A DIVIDED US appeals court has stopped a bid by BP to block businesses from recovering money over...

Another Deepwater Horizon loss for BP

It does not mean the payments will immediately start flowing again.

BP says the temporary injunction it won preventing the payments would not be lifted until the case was transferred back to the District Court.

BP had sought a permanent injunction preventing certain payments under the economic and property damages settlement it reached in 2012.

It asked the court to prevent payments to business economic loss claimants whose alleged injuries were not traceable to the Deepwater Horizon disaster and oil spill.

However, in a two-to-one vote the 5th US Circuit Court of Appeals in New Orleans upheld a December 24 ruling by US District Judge Carl Barbier in New Orleans authorising the BEL payments.

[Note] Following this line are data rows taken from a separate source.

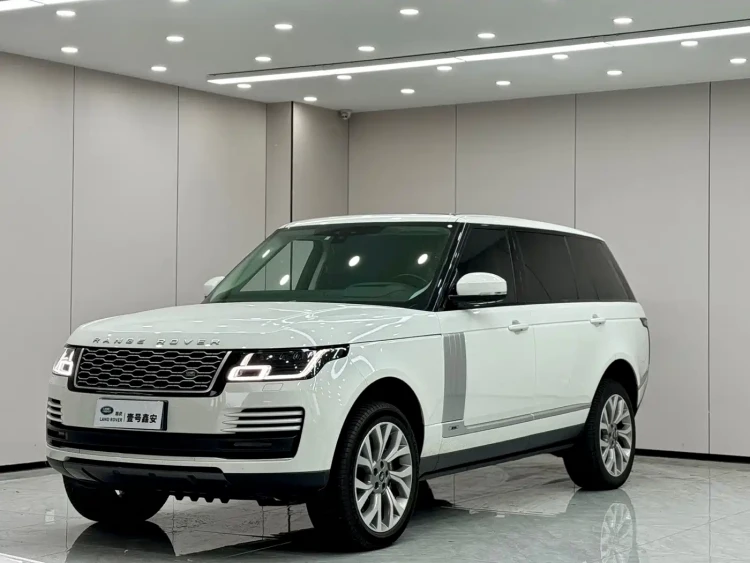 Land Rover Range Rover 2022 3.0 L6 400PS Heritage Extended Classic Edition
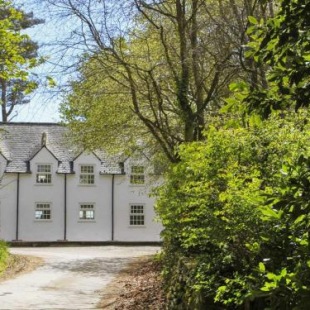 Фотография гостевого дома Garden Cottage - Rhoscolyn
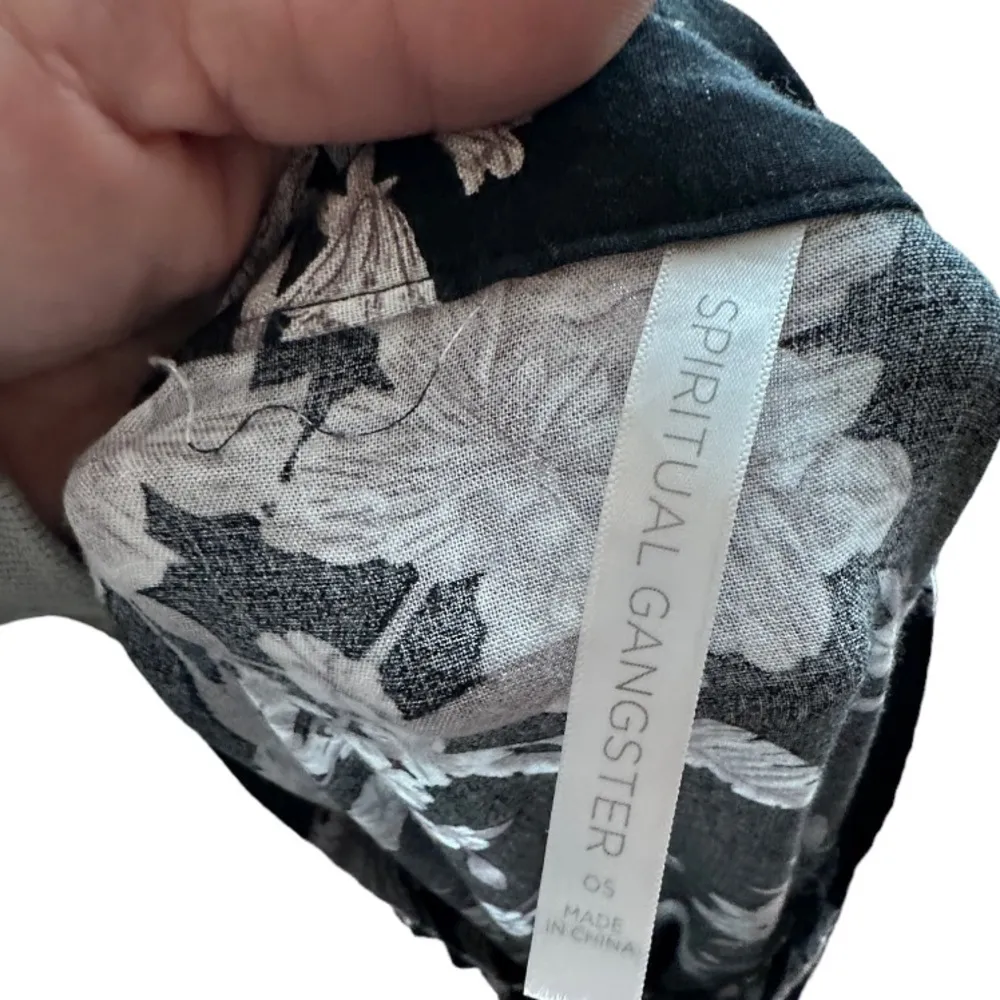 Spiritual Gangster‎ Floral Cover-Up - Image 6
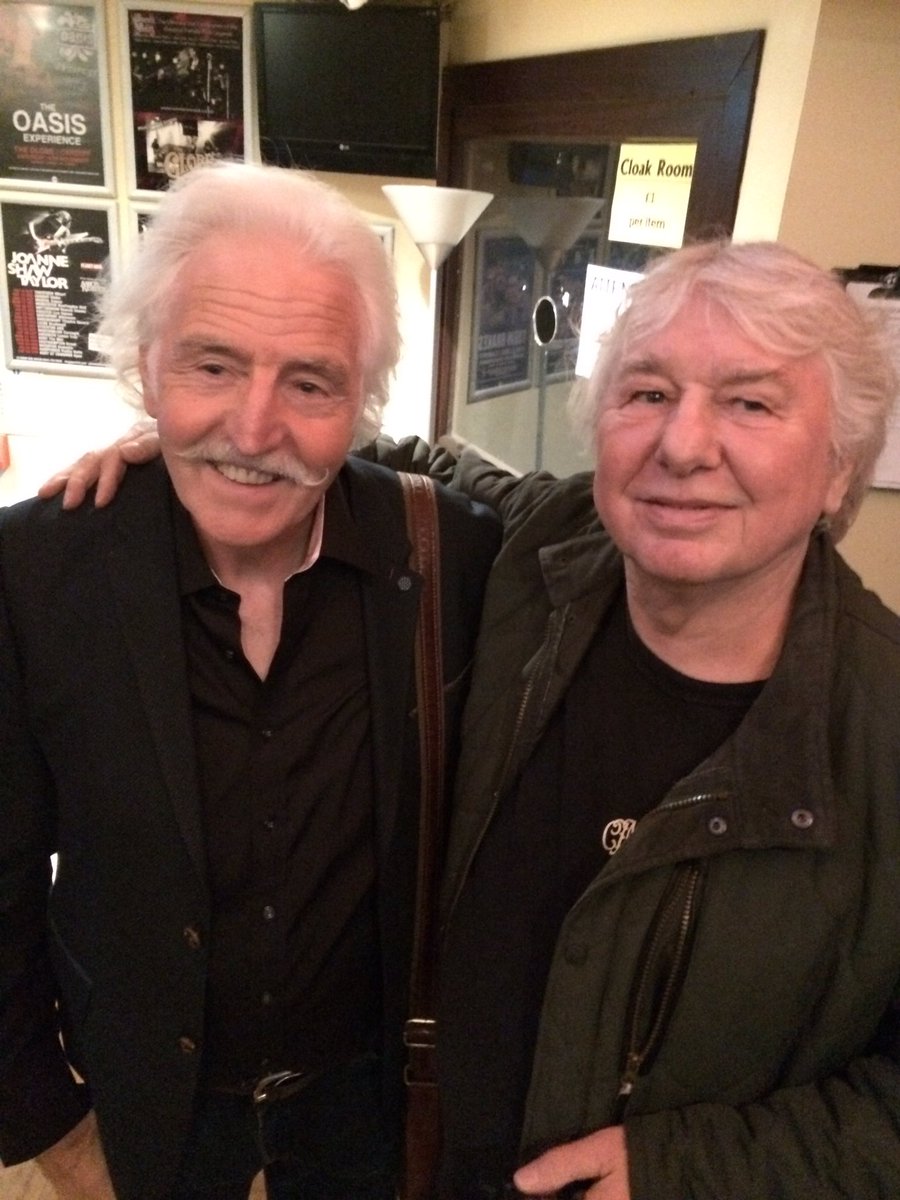 Great night <a href="/theglobecardiff/">The Globe Cardiff</a>. Great to catch up with <a href="/MotorheadPhil/">Phil Campbell</a> and Leo Lyons from TYA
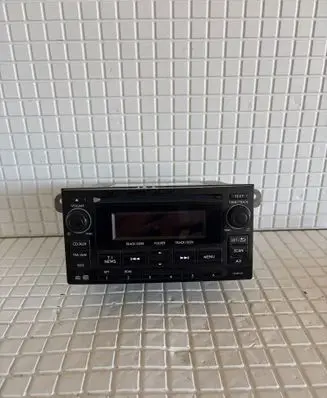 Subaru XV I Radio/CD/DVD/GPS head unit 86201SG420 PF3493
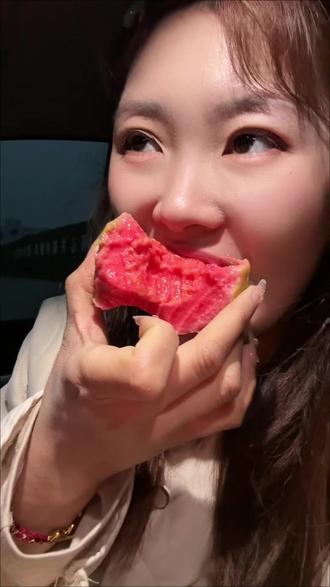 这个红心的芭乐真的很适合春夏天吃,酸甜口感,比一口吃一点草莓尖尖还过瘾。#芭乐 #红心芭乐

The decision is a blow to BP's attempts to limit payments under a multi-billion dollar settlement it reached over the Deepwater Horizon disaster and oil spill.

The disaster killed 11 people and triggered the US' largest oil spill.

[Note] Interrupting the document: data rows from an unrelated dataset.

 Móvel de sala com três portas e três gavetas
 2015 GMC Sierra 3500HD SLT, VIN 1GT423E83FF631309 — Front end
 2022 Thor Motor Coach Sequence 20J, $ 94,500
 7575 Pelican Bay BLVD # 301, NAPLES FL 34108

In a statement BP says it disagrees with the decision by the US appeals court.

"By denying the relief BP requested, however, BP believes that today's decision will improperly allow for the payment of losses with no connection to the spill," the company says.

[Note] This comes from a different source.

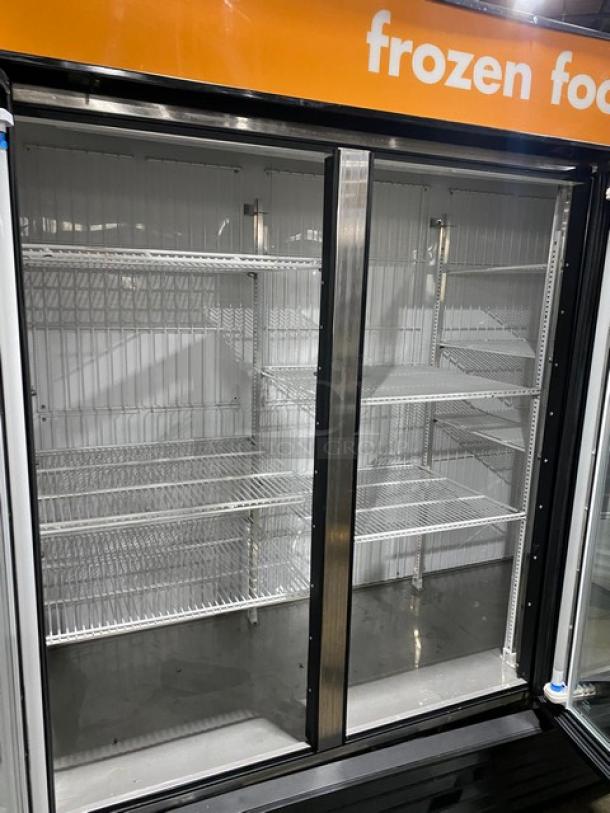 True Commercial Triple Glass Swing Door Reach In Freezer Merchandiser! With Poly Coated Wire Racks! Model: GDM-72F SN: 7352816! 115/208-230V 1 Phase! - Image 5 of 12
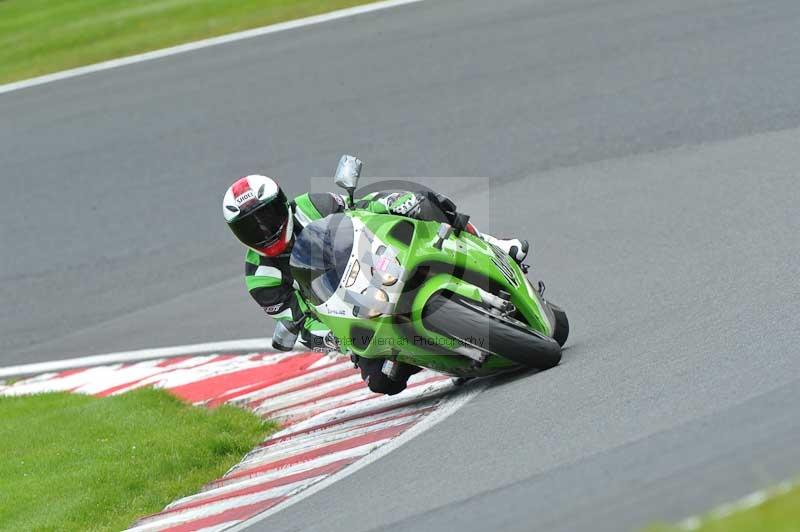 Motorcycle action photographs;Trackday digital images;event digital images;eventdigitalimages;no limits trackday;oulton park;oulton park circuit cheshire;oulton park photographs;peter wileman photography;trackday;trackday photos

"BP further believes that unless this problem is fully corrected, the settlement cannot by upheld under the law.

"BP has accordingly already sought en banc rehearing of the January 2014 decision by a separate panel of the Fifth Circuit upholding the validity of the settlement.

"The full court has not yet reached a decision on BP's en banc rehearing petition."

The company says its petition for en banc rehearing could further delay the District Court lifting the temporary injunction BP had put in place on the BEL payments.

In its statement BP says it has already secured a favourable ruling in the courts regarding the matching of revenues and expenses in calculating BEL claims.

In December, after 10 months of litigation, including two appeals to the Fifth Circuit, the District Court reversed its prior rulings and held that the court supervised settlement program had to ensure claimants' reported revenues and expenses be correctly matched for the purposes of discriminating awards under the settlement.

As of December 31, BP had no provision for BEL claims payable under the settlement because it says no reliable estimate can be made.

It says that estimate will be established when the uncertainties referred to in its fourth quarter and full year 2013 results are resolved and a reliable estimate can be made of the liability.

BP has set aside $US42.7 billion ($A47.7 billion) for clean-up, compensation, legal and other costs related to the spill.